Choosing the right class for IO is not always obvious. Java offers several levels of abstraction.

At the most basic level are streams of bytes. That is raw data. There is two kind of streams, input and output streams. There are two major resource kind, files and byte arrays. (We will come back on that below, when we talk about testing.)

new FileInputStream(filename);
new ByteArrayInputStream(bytes);
new FileOutputStream(filename);
new ByteArrayOutputStream();

To get the result of a byte array output stream, call its #toString method.

If you work with text, you should use readers and writers. They know how to encode characters as bytes and vice versa. There are different character encodings, of which ISO-8859-1 and UTF-8 are the most important. Whenever possible you should use UTF-8.

To create a reader, wrap it around an input stream. To create a writer, wrap it around an output stream.

new InputStreamReader(new FileInputStream(filename), "UTF-8");
new InputStreamReader(new ByteArrayInputStream(bytes), "UTF-8");
new OutputStreamWriter(FileOutputStream(filename), "UTF-8");
new OutputStreamWriter(ByteArrayOutputStream(), "UTF-8");

Plus there are two special classes to work with strings.

new StringReader(string);
new StringWriter();

To get the result of a string writer, just call its #toString method.

If you write to a file all characters are immediately written to disk. This is slow. It’s much faster to first write to a buffer, and only flush its content to disk when to buffer is full. The same applies for reading. Therefore, there are additional wrappers that buffer the underlying stream.

new BufferedReader(new InputStreamReader(stream));
new BufferedWriter(new OutputStreamWriter(stream));

If you work with binary data, you can either use a random access file or one of data input and data output stream.
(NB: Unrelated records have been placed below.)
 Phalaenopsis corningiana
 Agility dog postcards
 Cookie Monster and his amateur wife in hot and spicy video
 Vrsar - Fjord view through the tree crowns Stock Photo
Random access files are called random access file, because they dont stream over the file but always provide access to any position within the file. Like a chunk of memory.
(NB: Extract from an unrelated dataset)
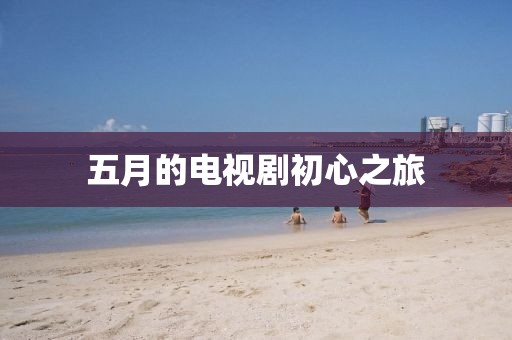 五月的電視劇初心之旅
new RandomAccessFile(filename);
new DataInputStream(stream);
new DataOutputStream(stream);

(Random access file are a rather modern invention, for example my very first computer still used a tape as disk – yes the same as your beloved Kasperlikasette – and thus random access was technically impossible. Plus no harddisk, no mouse, no graphical user interface, no file system, no color screen, just 320 on 200 monochrome pixels, 1 Mhz slow, and only 64k memory. But lots of fun.)

How to test file access?

Typically your program will read and write to files. However, tests should not creates files but rather work in-memory only. This can be done using the byte array streams instead of the files streams.